Buat Suami yang Melarang Istrinya Bekerja dan Istri yang Berniat jadi Ibu Rumah Tangga Saja, Baca Ini
Berhubung terlalu banyak yang dipikirkan sampe-sampe saya lupa mengisi blog ini. Singkat cerita saya sudah balikan dengan Nyonyo. Lalu apakah hubungan kami membaik?
Awalnya iya, tetapi beberapa hari ini kembali terjadi perdebatan untuk masalah yang sama yaitu karier. Sebelum tahun baru saya dan Nyonyo sepakat bahwa Nyonyo tetap bekerja menjadi pengacara tapi di hanya di Jawa Tengah aja. Awalnya dia menolak, pengen juga sidang di luar Pulau Jawa. Tapi dengan tegas saya katakan bahwa saya sudah mengalah tidak menjadi wartawan. dengan menjadi wartawan saya punya kesempatan bisa bepergian bahkan hingga ke luar negeri.
Nyonyo setuju asalkan saya mau hidup sederhana.
tapi, kemaren-kemaren saya merasa tidak percaya dengan yang Nyonyo katakan dan terjadilah perdebatan. Saya terus mempertahankan cita-cita saya untuk tetap bekerja setelah menikah. Tapi Nyonyo tidak terima, malah mengatakan bahwa saya kok maunya keluyuran terus. Saya akhirnya bilang bahwa saya tidak mau punya anak. Eh, dia bales, apa gunanya perempuan kalo gak mau punya anak?
Pasti banyak yang tidak setuju dengan pernyataan saya itu. Tapi cobalah melihat dari sudut pandang saya bahwa tidak mudah untuk melepaskan karier yang dibangun dengan penuh perjuangan jauh sebelum saya mengenal Nyonyo. Tidak mudah juga melepas karier demi anak apalagi karena permintaan suami.
Tapi, buat laki-laki patriarki seperti Nyonyo, pasti akan meminta istrinya untuk fokus merawat anak. Dia tidak peduli seberapa beratnya saya melepas karier, dia pengennya saya di rumah. Kalaupun mau bekerja juga dari rumah. Walaupun Nyonyo mau mengalah tidak jadi pengacara di luar Pulau Jawa.
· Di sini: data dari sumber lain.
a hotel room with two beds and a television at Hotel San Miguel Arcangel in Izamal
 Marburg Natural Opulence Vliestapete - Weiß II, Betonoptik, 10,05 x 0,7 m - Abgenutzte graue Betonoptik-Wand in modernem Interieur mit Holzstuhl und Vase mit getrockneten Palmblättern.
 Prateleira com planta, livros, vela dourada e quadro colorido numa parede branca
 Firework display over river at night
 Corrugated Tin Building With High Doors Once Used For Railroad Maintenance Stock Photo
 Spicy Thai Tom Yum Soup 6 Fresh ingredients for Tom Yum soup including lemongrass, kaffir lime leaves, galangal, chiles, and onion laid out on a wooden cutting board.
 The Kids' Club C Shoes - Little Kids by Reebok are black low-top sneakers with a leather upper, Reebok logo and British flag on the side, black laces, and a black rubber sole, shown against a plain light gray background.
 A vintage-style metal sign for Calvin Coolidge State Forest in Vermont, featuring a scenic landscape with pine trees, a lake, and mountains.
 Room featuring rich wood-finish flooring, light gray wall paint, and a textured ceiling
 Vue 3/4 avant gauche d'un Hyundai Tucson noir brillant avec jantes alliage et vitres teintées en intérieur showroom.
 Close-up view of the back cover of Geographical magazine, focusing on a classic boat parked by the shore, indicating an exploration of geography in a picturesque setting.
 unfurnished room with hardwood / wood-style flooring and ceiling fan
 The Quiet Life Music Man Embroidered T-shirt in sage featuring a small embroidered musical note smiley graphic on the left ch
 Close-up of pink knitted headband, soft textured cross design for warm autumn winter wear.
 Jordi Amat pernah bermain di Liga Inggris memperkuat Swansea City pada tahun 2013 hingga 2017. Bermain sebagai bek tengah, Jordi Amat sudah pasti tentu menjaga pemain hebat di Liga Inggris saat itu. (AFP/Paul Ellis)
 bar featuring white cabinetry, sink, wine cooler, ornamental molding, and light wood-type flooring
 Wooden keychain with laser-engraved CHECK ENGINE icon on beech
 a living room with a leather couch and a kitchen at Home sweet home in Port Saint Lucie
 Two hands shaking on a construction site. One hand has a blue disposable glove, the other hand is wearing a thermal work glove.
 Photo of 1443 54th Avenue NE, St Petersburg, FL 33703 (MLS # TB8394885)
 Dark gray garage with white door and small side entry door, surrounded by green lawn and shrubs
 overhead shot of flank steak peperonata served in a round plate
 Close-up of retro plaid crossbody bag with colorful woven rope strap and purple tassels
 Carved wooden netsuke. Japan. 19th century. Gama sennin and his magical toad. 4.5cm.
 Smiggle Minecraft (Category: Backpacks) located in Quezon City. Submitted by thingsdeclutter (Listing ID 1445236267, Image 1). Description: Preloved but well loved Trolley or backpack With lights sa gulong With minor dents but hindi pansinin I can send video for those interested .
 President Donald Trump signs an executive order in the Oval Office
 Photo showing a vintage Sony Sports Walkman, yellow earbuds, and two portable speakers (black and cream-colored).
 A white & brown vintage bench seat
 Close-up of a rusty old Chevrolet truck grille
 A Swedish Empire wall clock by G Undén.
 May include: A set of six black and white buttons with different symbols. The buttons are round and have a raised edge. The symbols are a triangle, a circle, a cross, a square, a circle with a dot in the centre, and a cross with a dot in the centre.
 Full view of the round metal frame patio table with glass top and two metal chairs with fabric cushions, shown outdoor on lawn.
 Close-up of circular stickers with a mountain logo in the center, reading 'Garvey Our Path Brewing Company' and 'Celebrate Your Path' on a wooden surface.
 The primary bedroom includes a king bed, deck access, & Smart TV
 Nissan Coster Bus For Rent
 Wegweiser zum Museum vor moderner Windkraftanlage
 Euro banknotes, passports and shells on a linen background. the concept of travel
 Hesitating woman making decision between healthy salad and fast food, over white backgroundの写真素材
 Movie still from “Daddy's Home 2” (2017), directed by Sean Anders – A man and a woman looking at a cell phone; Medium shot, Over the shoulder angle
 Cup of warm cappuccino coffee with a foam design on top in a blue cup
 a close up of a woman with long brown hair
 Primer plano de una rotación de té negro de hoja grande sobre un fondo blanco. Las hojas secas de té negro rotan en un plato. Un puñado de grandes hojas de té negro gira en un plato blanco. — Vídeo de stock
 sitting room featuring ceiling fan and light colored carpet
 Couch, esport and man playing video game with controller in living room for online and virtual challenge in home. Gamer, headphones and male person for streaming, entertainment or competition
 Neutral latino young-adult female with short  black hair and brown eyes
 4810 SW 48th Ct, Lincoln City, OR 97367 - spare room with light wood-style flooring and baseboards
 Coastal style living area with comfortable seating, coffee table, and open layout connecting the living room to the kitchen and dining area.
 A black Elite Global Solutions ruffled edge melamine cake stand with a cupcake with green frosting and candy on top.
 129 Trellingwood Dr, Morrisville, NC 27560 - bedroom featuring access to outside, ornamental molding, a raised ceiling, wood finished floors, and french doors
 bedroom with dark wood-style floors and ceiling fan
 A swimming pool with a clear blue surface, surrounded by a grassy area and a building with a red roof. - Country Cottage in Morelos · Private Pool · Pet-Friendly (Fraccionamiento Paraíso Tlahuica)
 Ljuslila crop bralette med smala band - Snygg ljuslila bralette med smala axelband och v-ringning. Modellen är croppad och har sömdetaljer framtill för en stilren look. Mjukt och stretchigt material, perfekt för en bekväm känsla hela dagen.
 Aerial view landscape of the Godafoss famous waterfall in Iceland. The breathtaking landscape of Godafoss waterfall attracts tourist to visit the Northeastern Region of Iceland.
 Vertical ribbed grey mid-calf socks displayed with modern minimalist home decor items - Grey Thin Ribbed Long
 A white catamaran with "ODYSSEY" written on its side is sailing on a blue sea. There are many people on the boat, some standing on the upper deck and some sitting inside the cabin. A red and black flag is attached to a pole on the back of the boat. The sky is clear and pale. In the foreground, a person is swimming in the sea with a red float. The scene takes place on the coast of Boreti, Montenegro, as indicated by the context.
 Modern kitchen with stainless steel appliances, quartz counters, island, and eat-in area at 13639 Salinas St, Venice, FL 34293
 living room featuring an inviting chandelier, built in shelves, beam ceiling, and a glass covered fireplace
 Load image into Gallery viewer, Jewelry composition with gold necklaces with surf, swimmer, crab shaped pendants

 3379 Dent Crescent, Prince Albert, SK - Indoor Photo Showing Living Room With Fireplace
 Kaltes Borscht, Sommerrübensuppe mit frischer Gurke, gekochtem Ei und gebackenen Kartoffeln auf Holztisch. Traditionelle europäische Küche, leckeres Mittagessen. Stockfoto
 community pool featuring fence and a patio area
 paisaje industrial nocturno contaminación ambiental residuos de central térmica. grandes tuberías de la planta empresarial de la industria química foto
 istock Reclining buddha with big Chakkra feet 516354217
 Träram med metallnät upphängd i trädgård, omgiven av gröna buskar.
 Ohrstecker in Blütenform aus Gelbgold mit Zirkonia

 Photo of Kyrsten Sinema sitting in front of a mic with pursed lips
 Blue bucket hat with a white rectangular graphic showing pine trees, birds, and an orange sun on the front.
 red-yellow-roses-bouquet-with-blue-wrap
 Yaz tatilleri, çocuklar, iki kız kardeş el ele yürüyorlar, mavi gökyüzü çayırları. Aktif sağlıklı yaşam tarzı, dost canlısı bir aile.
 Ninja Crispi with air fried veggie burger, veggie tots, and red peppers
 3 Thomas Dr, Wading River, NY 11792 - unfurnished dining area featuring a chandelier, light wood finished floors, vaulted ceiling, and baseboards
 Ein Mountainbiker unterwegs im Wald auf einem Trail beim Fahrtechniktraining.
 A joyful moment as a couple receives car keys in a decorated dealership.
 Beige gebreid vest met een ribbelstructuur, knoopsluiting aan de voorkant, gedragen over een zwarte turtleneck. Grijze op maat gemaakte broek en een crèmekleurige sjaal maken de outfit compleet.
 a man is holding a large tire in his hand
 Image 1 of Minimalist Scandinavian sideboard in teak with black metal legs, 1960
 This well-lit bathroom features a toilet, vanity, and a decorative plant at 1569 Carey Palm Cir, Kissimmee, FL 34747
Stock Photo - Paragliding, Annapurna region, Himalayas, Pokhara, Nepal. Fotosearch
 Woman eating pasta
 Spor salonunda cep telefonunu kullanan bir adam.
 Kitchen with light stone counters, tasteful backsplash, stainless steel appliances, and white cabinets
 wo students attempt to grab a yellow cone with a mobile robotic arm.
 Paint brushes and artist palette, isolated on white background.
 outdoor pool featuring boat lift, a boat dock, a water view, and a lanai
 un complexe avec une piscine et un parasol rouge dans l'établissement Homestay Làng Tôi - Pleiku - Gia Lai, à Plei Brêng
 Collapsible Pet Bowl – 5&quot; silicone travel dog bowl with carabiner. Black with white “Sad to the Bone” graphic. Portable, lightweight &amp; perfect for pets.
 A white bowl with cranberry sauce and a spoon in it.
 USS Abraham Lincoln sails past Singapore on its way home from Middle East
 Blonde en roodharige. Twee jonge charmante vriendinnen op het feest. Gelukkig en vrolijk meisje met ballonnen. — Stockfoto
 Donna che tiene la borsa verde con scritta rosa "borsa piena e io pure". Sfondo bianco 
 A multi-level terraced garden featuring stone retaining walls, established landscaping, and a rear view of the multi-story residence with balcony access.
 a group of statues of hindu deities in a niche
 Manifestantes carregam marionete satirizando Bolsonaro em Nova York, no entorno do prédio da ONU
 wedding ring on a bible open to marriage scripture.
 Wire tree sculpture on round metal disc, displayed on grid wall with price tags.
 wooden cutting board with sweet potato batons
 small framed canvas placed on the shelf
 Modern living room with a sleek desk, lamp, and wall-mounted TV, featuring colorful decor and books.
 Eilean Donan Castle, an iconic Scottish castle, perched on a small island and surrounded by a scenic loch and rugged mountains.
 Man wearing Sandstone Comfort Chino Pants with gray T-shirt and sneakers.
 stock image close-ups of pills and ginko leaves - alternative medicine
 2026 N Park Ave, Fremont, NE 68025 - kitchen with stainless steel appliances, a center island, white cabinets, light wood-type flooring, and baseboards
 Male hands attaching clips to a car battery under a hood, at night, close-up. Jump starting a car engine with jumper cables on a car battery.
Saya jadi berpikir apa tujuan pernikahan itu? Apakah sekedar biar gak jadi bujang/ perawan tua? apakah biar ada yang menjaga kalau tua nanti?
Seberapa berat sih seorang laki-laki mengijinkan istrinya bekerja, bahkan membantu keuangan rumah tangga? Apakah gengsi yang membuat suami melarang istrinya bekerja?
Nyonyo juga bilang karena saya tidak punya tanggung jawab nafkah, jadi sebaiknya saya tidak bekerja. Kalaupun mau bekerja dari rumah, uangnya disimpan saja. Karena dia punya tanggung jawab nafkah, maka dia punya kesempatan untuk punya karier yang bagus, relasi yang luas, bisa bepergian kemana-mana.
Lalu, kalau dia sudah gak eksis, misalnya sakit atau dipecat dari pekerjaannya, bukankah istrinya yang memegang penuh tanggung jawab? Contohnya, ketika ayah saya sudah sakit--sakitan, ibulah yang membantu ayah dalam hal keuangan. Saat itu ayah saya bekerja sebagai distributor kue kering. Setelah ayah sakit, ibu yang menagih, sambil tetap mengurus suami dan anak-anak. Sementara, ayah menjadi tidak berguna tetapi juga tidak mau melakukan pekerjaan rumah tangga kecuali menyeterika. jujur saja, hasil seterikaan ayah lebih rapi dibanding Ibu.
Begitu juga di keluarga Nyonyo dimana ayahnya yang sibuk berjudi jadi tidak peduli lagi pada keluarganya. Dia makan enak, istri dan anak-anaknya cuma makan seadanya.Akhirnya, ibunya Nyonyo yangt bekerja keras berjualan jenang demi biaya sekolah kedua anaknya.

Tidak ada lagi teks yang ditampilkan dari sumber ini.